I have never seen a game use a free-to-play player return after they got frustrated with the game in such a way. They gave me an X amount of free moves that would roll over till I used them all up for returning to the game. This made beating any level almost like child’s play even more so if I selected to use some of my stockpile of candies for special opening moves.
You might be wondering how is that using the free-to-play players. Well, it just so happens if I time things right. I could take a break on the last level of an episode. Come back in to crush it. I then would get placed into another episode race.
I would be using my remaining free extra moves over other players in that race (assuming they were not grouping up all the returning players into the same races to keep things fair to everyone else playing). Where I would skyrocket past everyone like I was a spender to number one in that race.

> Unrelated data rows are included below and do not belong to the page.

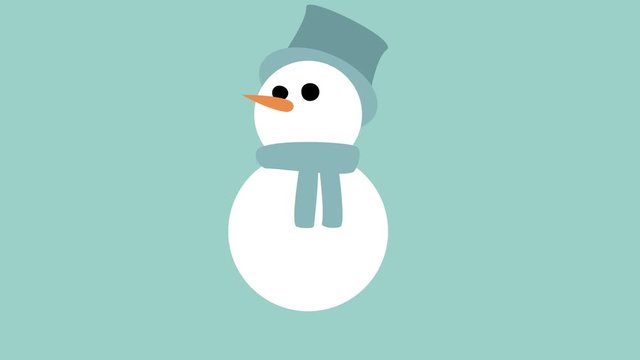 Festive christmas snowman appearing on off animation loop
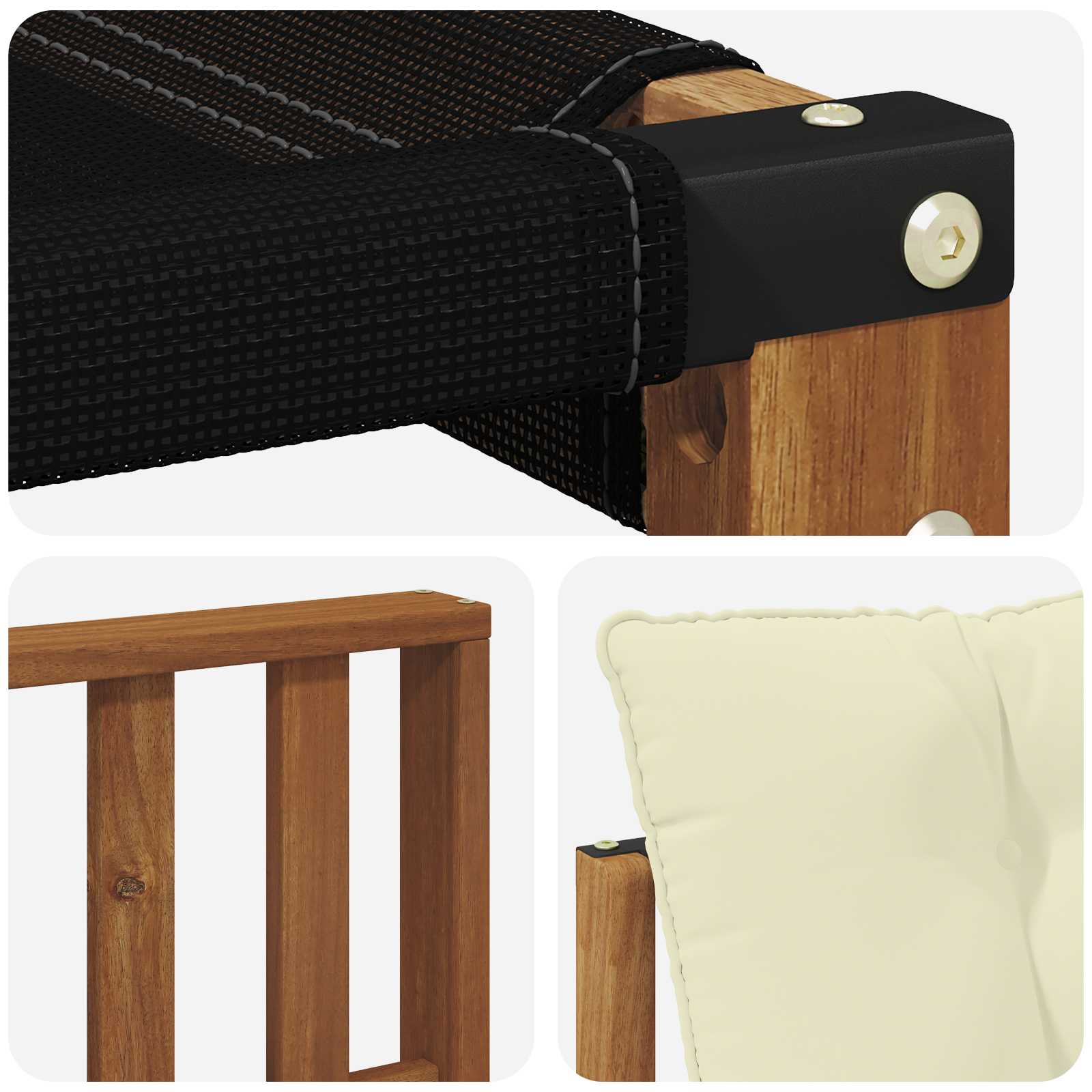 Set vanjskih sofa s jastukom 3 pcs Prirodna i krem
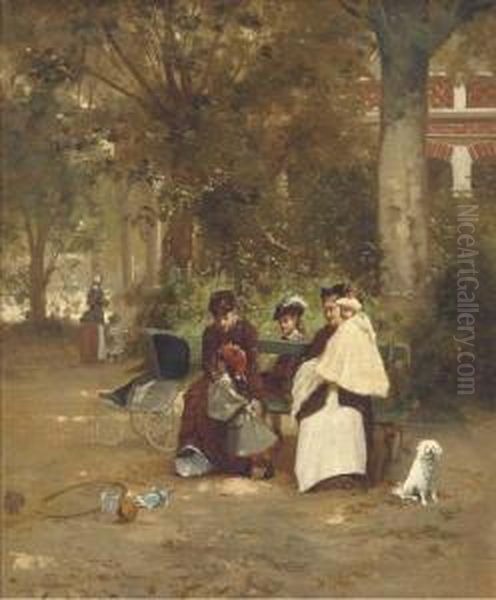 An Afternoon In The Park Oil Painting by Ferdinand Bassot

Naturally, this was not enough to win me the race. I would have to start spending gold bars and other resources if I truly wanted to win the race. My sudden rise out of nowhere usually seemed to bait the person in second place who usually had quite the lead by the time I joined when I knocked them out of first. Who suddenly found themselves now losing that race.
I can only make an assumption that said second-place player then would go on a spending spree of resources or even spend real money on the game to surpass me. As it is quite easy in this game to fall into the trap of I already spent X amount of gold bars or money to win more gold bars and if I just spent a couple more I would win back first place the main prize.
As naturally the more competition there was in a single race to try and win some free gold bars. The more spending and using of resources a player had to try and win them. Even more so if you could win a few of these races and get put into higher rewarding ones with even bigger spenders. How smart of the game to do so. Yet, how dirty of the game as well to take advantage of player's endless short-term needs for instant gratification and hits of endorphins from winning.
Needless to say, after a while I decided I was done for good with this game. The further I got which was not far. The more different kinds of tiles I would have to clear out had all different kinds of rulesets from what could even break them open to them expanding out to other tiles on the board.
It seemed like this game was not making it harder to play till I got better skill-wise and knowledge-wise at the game. It was getting harder to get me to spend all the resources I had won for free to the point of needing to spend money on the game to buy more. Otherwise, I’d just have to retry a level many times just to beat it till I got bored and took another long break from the game.